II. El verdadero amigo se conoce en la aflicción. Si vieras a tu padre o a tu madre en riesgo de perder la vida, ¿podrías negarles tu ayuda? ¿Qué no harías para liberarlos? Y María, tan buena Madre, que más te ama de lo que podrían amarte todos los parientes y amigos del mundo, ¿te abandonará en la hora final, cuando estés en peligro de perderte eternamente, si no viene en tu ayuda? ¿Será solo entonces que se olvidará de las humildes y tiernas oraciones que le has dirigido durante toda tu vida? ¿Será solo entonces que rechazará y despreciará los homenajes llenos de afecto que le has tributado asiduamente? ¡Es imposible! Y cuando debieras esperar de ella la mayor, la suprema prueba de su ternura, ¿no hará caso de ti, tendrá la dureza de dejarte luchar sola y desalentada con las angustias de la muerte y los asaltos infernales? ¡Es imposible! —¡Ah! Hija mía, ¿cómo suponer en María, la más tierna de las madres, tal dureza? Tal vez entonces te abandonen las personas que más amas; pero no así María: desde el cielo enviará en tu auxilio al príncipe de los ángeles con sus legiones invencibles; ella misma vendrá a consolarte y asistirte con su gracia. ¡Oh! ¡Feliz muerte, cuando se muere en los brazos de la Reina del cielo!
III. Si los demonios se lanzan sobre ti para perderte, solo con el nombre de María huirán despavoridos.
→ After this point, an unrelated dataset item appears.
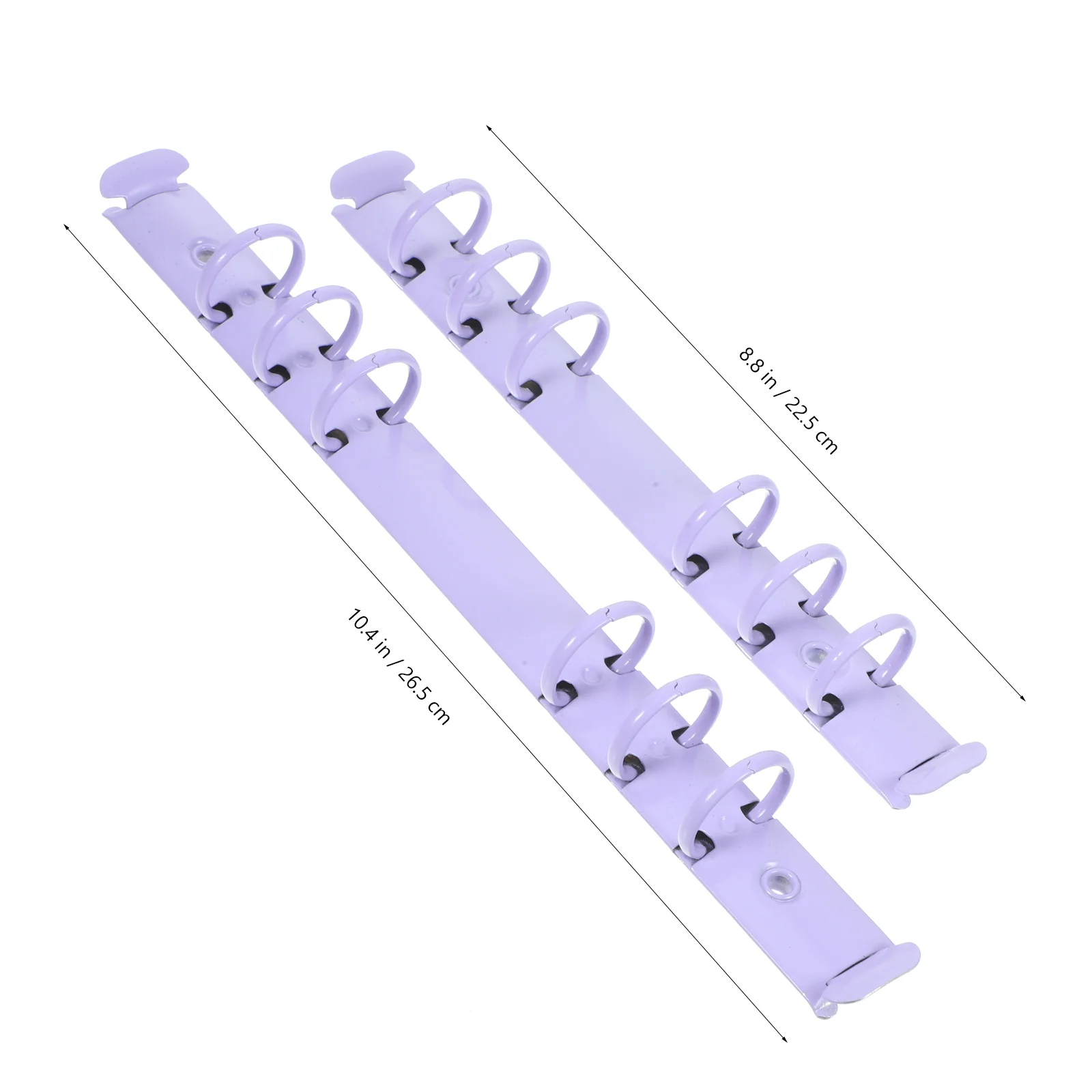 2Pcs Metal Binder Mechanism Clips Loose Leaf Notebook Rings Binding Spine Inserts Organizer Binder Organizer Binding Clips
Si el recuerdo de tus culpas pasadas perturba tu alma, María te animará a esperar en su poderosa intercesión y en los infinitos méritos de mi muerte y pasión. Si el rigor de mis juicios y la incertidumbre de tu destino futuro te hacen temer la muerte, tu Madre fortalecerá tu esperanza, recordándote el amor que por ella sentiste y el honor que le rendiste durante tu vida; y, reprendiendo de algún modo tu pusilanimidad y temor a la muerte, te dirá con una dulzura inefable: “¡Oh, mi querida hija, cómo así! ¡Tú me sirves desde hace tantos años, y aún temes a la muerte?” No, hija mía, en la hora de la muerte no tendrás ni sobresaltos ni temores; sino que será grande tu alegría y tu contento: tu muerte será la muerte de los santos, un dulce tránsito de esta tierra de dolores a la eterna felicidad. Si no mereces que la Virgen se te aparezca visiblemente, como a tantos otros de sus siervos, y que en la hora de la muerte venga a alegrarte con su dulcísima presencia, no dejará de asistirte invisiblemente y confortarte en tus últimos momentos, hasta el último suspiro. Y después de haber escapado con su socorro de todos los peligros y triunfado de todos tus enemigos, pronunciando los dulces nombres de Jesús y María, entregarás suavemente el alma en los brazos de tu Madre, la cual, poseída de alegría, te conducirá al paraíso. He aquí, hija mía, cómo será un día tu muerte, si amas a María. ¡Ah! ¿Por qué tardas, por qué dudas un solo momento? ¿Por qué no le consagras ahora y siempre el amor más tierno?